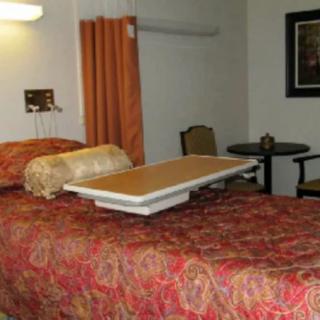 A hospital room with a bed and medical equipment.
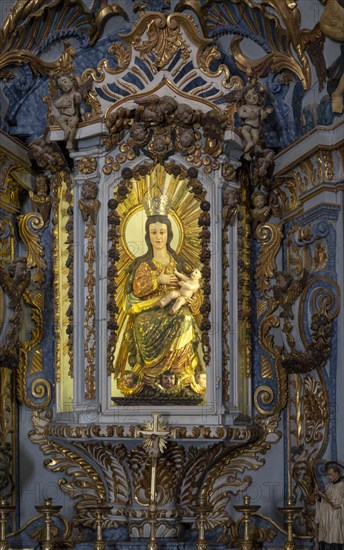 Ornately decorated statue of Blessed Virgin Mary 17th century church of Igreja de Santiago, Tavira,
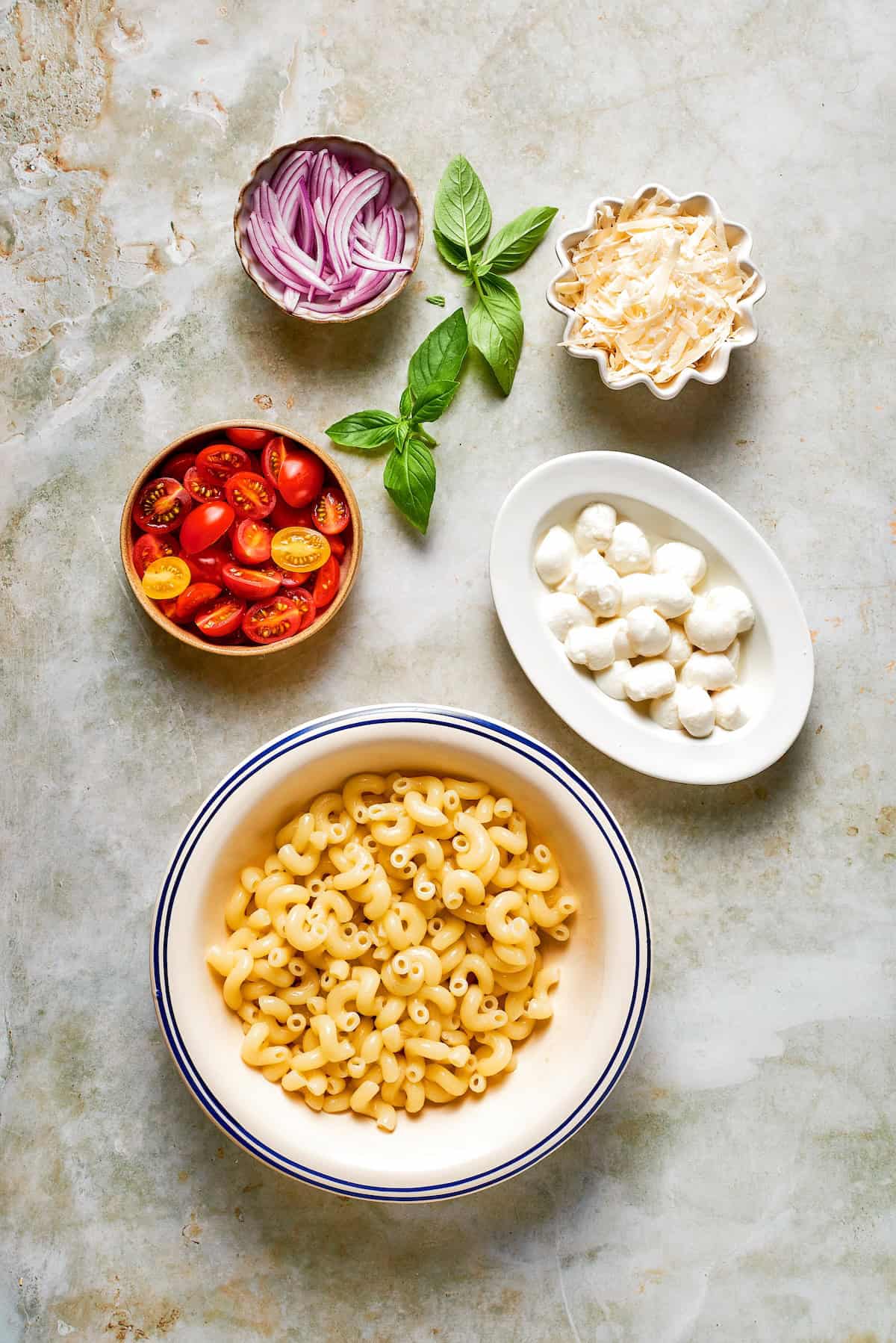 Cavatappi is tossed with juicy tomatoes, creamy mozzarella, basil, Parmesan and a bright balsamic dressing in this fresh caprese pasta salad. Ingredients for caprese pasta salad.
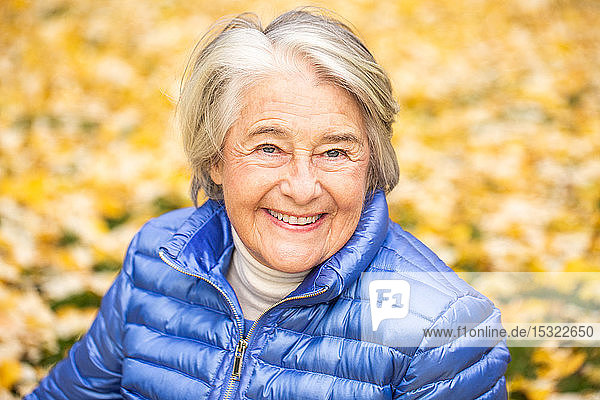 Porträt einer lächelnden hübschen älteren Frau vor gelben Blättern.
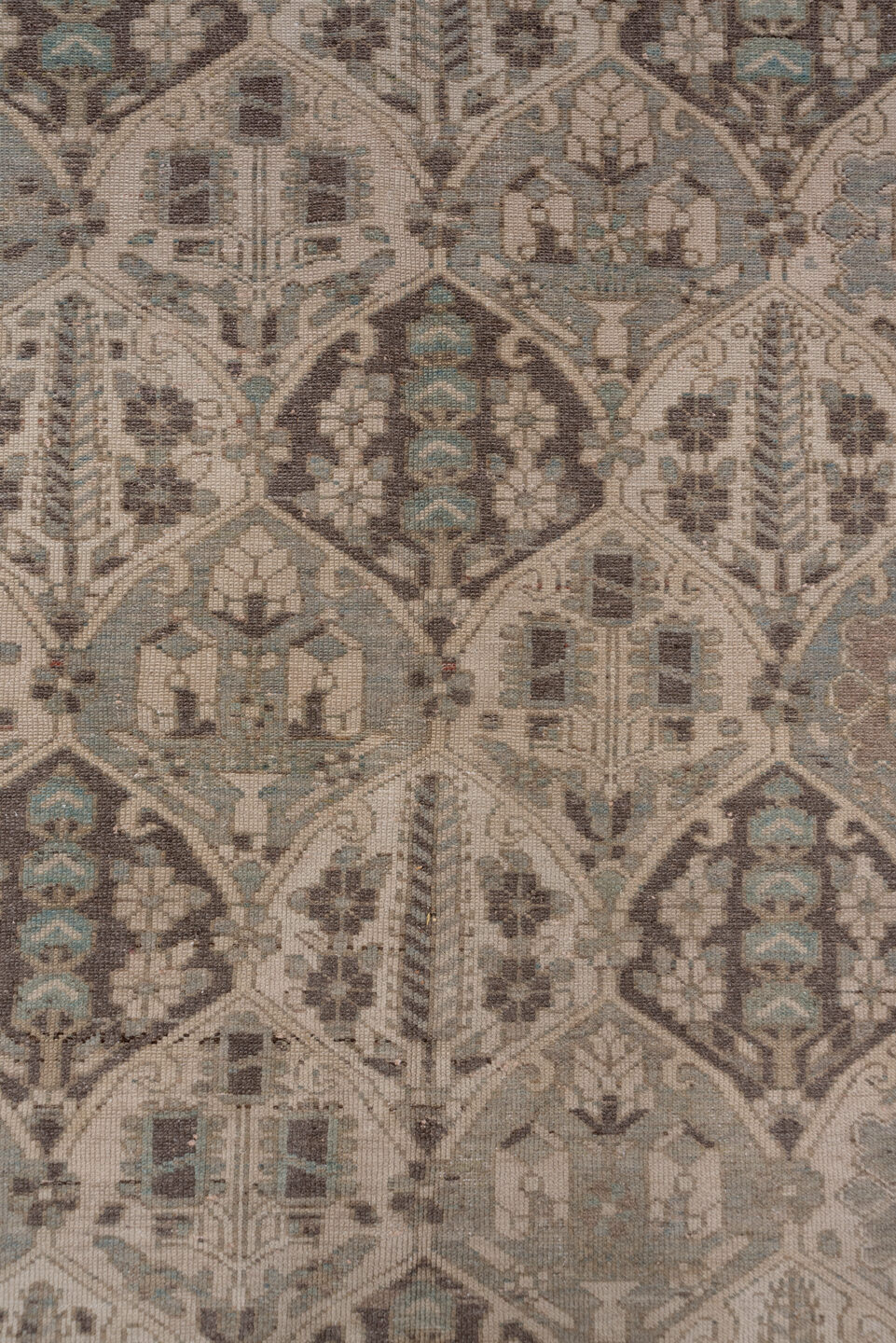 5' x 9' one-of-a-kind handmade vintage Baktiary medium size rug. Color palette: brown, gray, light gray, off-white, pink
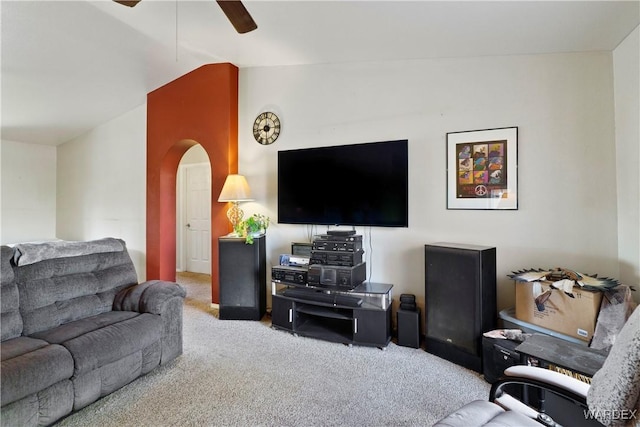 carpeted living area featuring arched walkways, vaulted ceiling, and a ceiling fan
---
▶ [WHAT THE EXERCISE ASKS]: Set down, in exact form, only the lines that start at the one containing "Porträt einer lächelnden" and finish at the last line of the material; pictures do not go in.

▶ [WRITTEN SOLUTION]:
 Porträt einer lächelnden hübschen älteren Frau vor gelben Blättern.
 5' x 9' one-of-a-kind handmade vintage Baktiary medium size rug. Color palette: brown, gray, light gray, off-white, pink
 carpeted living area featuring arched walkways, vaulted ceiling, and a ceiling fan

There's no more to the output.